- The Washington Times - Thursday, January 27, 2022

The U.S. economy grew last year at its fastest pace since 1984, the Commerce Department reported Thursday, giving President Biden a piece of good economic news amid high inflation and chronic supply-chain woes.

U.S. gross domestic product, the combination of all goods and services produced, rose by 5.7% in 2021. GDP increased in the fourth quarter at a 6.9% annualized pace as businesses began to replenish inventories.

The strong growth came after the federal government spent nearly $6 trillion in pandemic relief. The GDP shrank in 2020 by 3.4%, the most in 74 years.

Mr. Biden, whose job-approval ratings have nose-dived as inflation has climbed and COVID-19 has continued to spread, hailed the positive report. He didn’t mention the massive government aid that contributed to it.

“We are finally building an American economy for the 21st century, with the fastest economic growth in nearly four decades, along with the greatest year of job growth in American history,” the president said. “And, for the first time in 20 years, our economy grew faster than China’s.”

He said the strong growth “is no accident.”

“My economic strategy is creating good jobs for Americans, rebuilding our manufacturing, and strengthening our supply chains here at home to help make our companies more competitive,” Mr. Biden said.

Mr. Biden’s $1.9 trillion social-welfare and climate bill died in the Senate last month. He urged lawmakers “to make America more competitive, bolster our supply chains, strengthen our manufacturing and innovation, invest in our families and clean energy, and lower kitchen table costs.”

Inflation hit a 40-year high of 7% in December, and Federal Reserve Chairman Jerome H. Powell said the central bank will likely begin to raise interest rates in March to curb high prices. The action will increase consumers’ costs of borrowing on things such as car loans and mortgages.

Mr. Powell said Wednesday that supply-chain problems in the U.S. are unresolved, and he expects inflation to gradually ease by the end of this year.

Rep. Kevin Brady of Texas, the top Republican on the House Ways and Means Committee, said it’s far too early for Mr. Biden to celebrate.

“There are real red flags here, with raging inflation, a massive drop in real disposable income, and GDP growth driven primarily by a temporary build-up in inventories,” Mr.
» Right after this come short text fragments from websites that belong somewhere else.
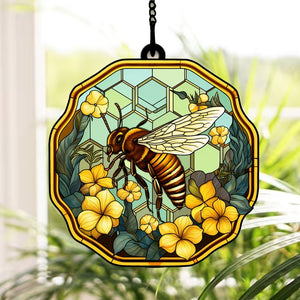 FamilyStore Bee Making Honey From Yellow Flower - Gift For Friends, Family Members - Window Hanging Suncatcher Ornament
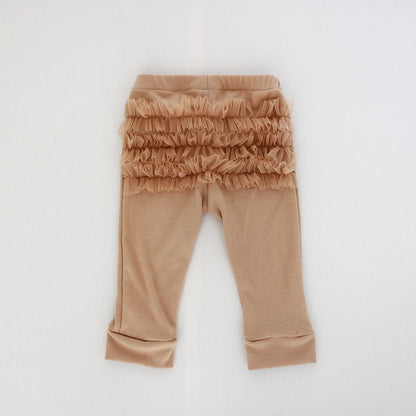 Frilly Bum Tights - Stone (matching onesie/jersey sold separately)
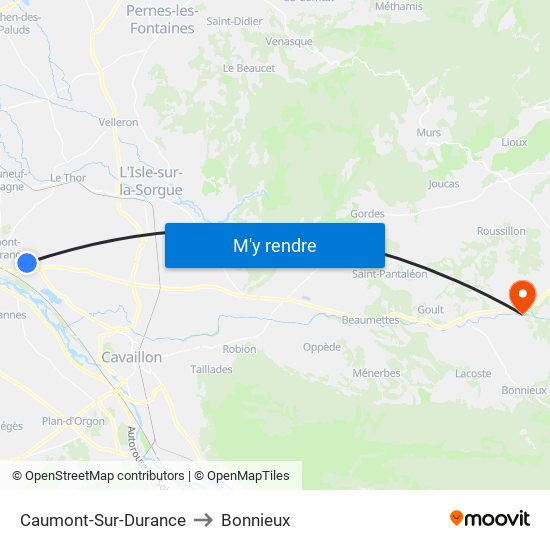 Caumont-Sur-Durance to Bonnieux map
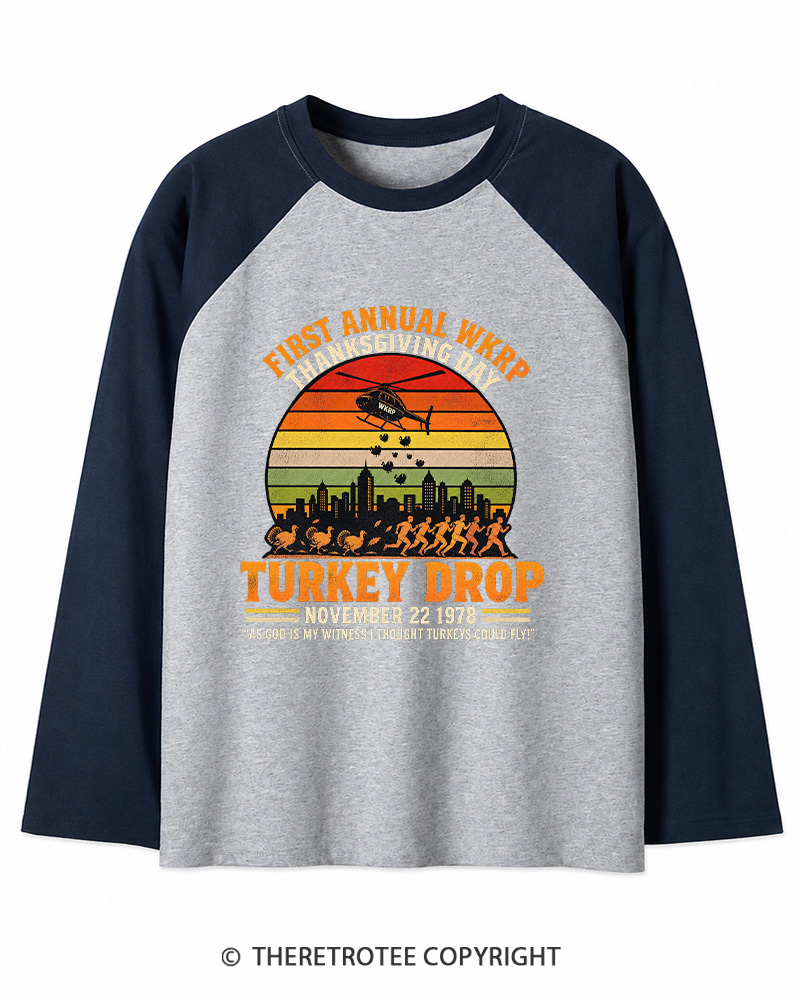 TheRetroTee First Annual WKRP Thanksgiving Day Turkey Drop 1970s Long Sleeve Raglan T-Shirt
Brady said in a statement. “Without that, the economy slogged along by less than 2% last quarter.”

He said many Americans “have lost confidence in his competency to heal the economy.”

Many economists are forecasting a slowdown in the January-through-March quarter, as the omicron variant of COVID-19 continues to spread and supply-chain shortages persist.

Growth in 2021 was driven up by a 7.9% surge in consumer spending and a 9.5% increase in private investment, the Commerce Department reported.

But consumer spending, which accounts for two-thirds of economic activity slowed to 3.3% in the final quarter of 2021.

Private investment jumped by 32%, boosted by a surge in business inventories as companies stocked up to meet higher customer demand. Rising inventories, in fact, accounted for 71% of the fourth-quarter growth, Commerce data showed.

Retail sales fell 1.9% in December. And manufacturing slowed in December to its lowest level in 11 months, according to the Institute for Supply Management’s manufacturing index.

This story is based in part on wire service reports.